Adding a tool retrieval network hop before calling the LLM can introduce perceptible lag for conversational interfaces.
As major LLM providers frequently update their function/tool calling schemas, maintaining stable drop-in compatibility requires continuous engineering effort.
Should you build it?
Run an Investment Memo to get a structured Go / No-Go verdict, competitor landscape, unit economics, and a 90-day validation roadmap for this opportunity.
Generate an investment memoWhat this score means
This opportunity scores well above the median for ideas surfaced by MonetScope, with a validation sub-score of 8/10 against 3 independently sourced evidence signals. A "strong" rating in this band typically means the pain signal is consistent and recurring across multiple discussions, but one of the three pillars (severity, willingness to pay, or competitor weakness) is somewhat softer than top-tier opportunities. Founders evaluating this should focus customer discovery on the softest pillar first — confirming the gap before committing engineering time to a build.
Why this matters for SaaS founders
It sits at the intersection of "ai-powered", "automation", "cost-reduction", which makes it relevant to a specific subset of founders rather than a generic horizontal opportunity. SaaS opportunities at this stage tend to win on the strength of their initial wedge — a single workflow that the target user runs every week, where the existing solution is either spreadsheets, a clunky incumbent feature, or a manual process they hate. The build cost is moderate; the distribution cost is everything. The MonetScope pipeline surfaces this category alongside other saas signals, which is why it appears here rather than in a generic "trending ideas" feed.
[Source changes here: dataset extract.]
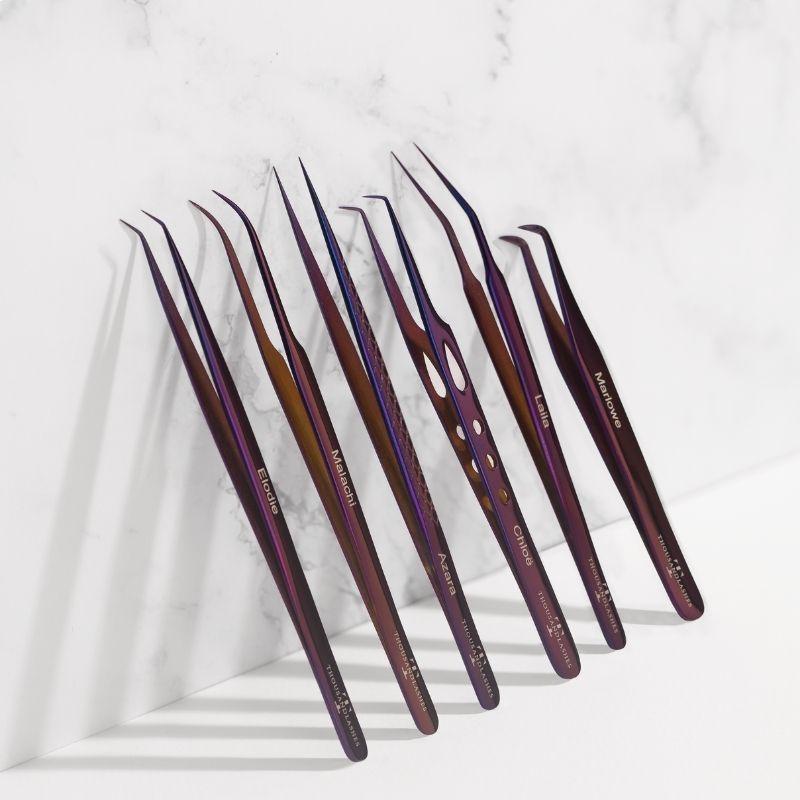 Set of purple professional eyelash extension tweezers arranged on a white marble surface for lash application and precision beauty tools.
Scores are derived from real forum discussions across Reddit, Hacker News and X, weighted by evidence volume and signal quality. How scoring works
Frequently asked questions
Is "ContextShrink: Dynamic Tool Dispatcher for LLM Agents" a real validated startup idea or just an AI-generated suggestion?
MonetScope does not generate ideas from a language model's imagination. Every opportunity on this site is anchored to specific source posts and comments from real public discussions — typically on Reddit, Hacker News, or X — where actual users describe the pain in their own words. The AI's role is structuring, scoring, and grouping those signals into a navigable opportunity, not inventing the problem.
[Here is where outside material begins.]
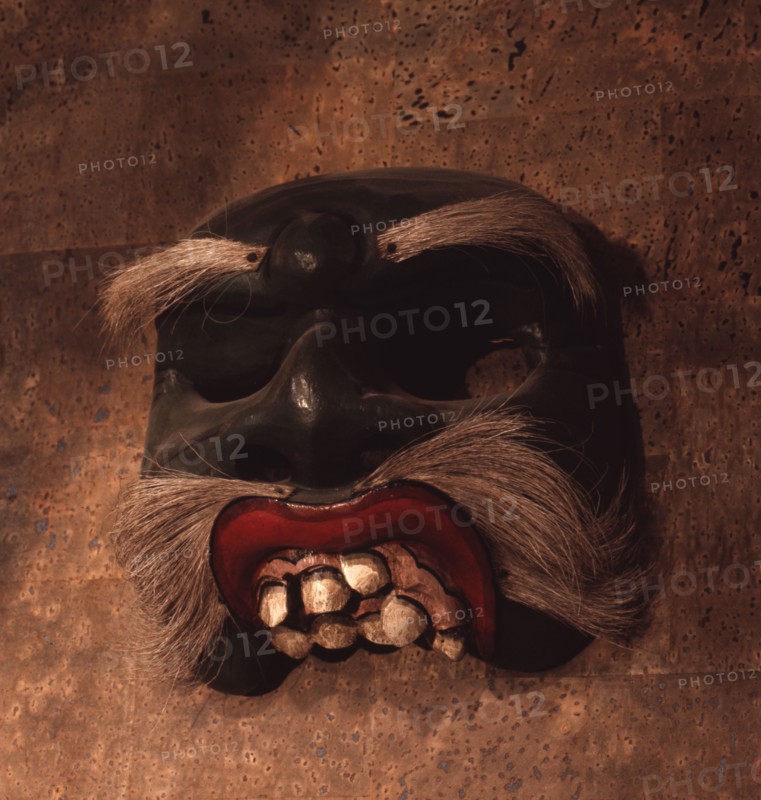 A mask, representing a diseased or deformed person, used in wayang wong performances of the Hindu epics, especially the Ramayana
How recent is the underlying data for ai-powered?
MonetScope's spider pipeline runs continuously and surfaces opportunities as new evidence accumulates. The "Updated" date in the header reflects the most recent re-scoring of this specific opportunity. Most saas opportunities visible in the public catalog draw from discussions in the last 30-60 days; older signals are de-prioritized because user pain shifts faster than most founders assume.
What's the difference between "overall score" and "validation score"?
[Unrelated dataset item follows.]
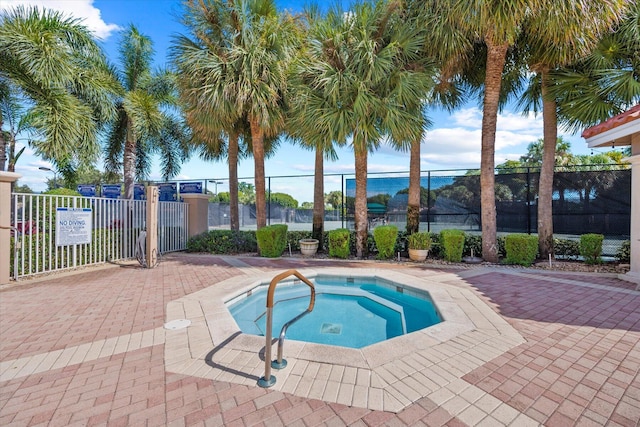 view of pool with a community hot tub and a patio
Overall score is a composite across six dimensions — pain, urgency, willingness to pay, market size, defensibility, and execution ease — designed to give a single number for triage. Validation score is narrower: it asks "how cleanly does the same signal repeat across independent sources?" An opportunity can score high on overall but lower on validation when one or two large discussions dominate the evidence; conversely, validation can be high on a smaller-overall idea where the signal is consistent but the addressable market is modest.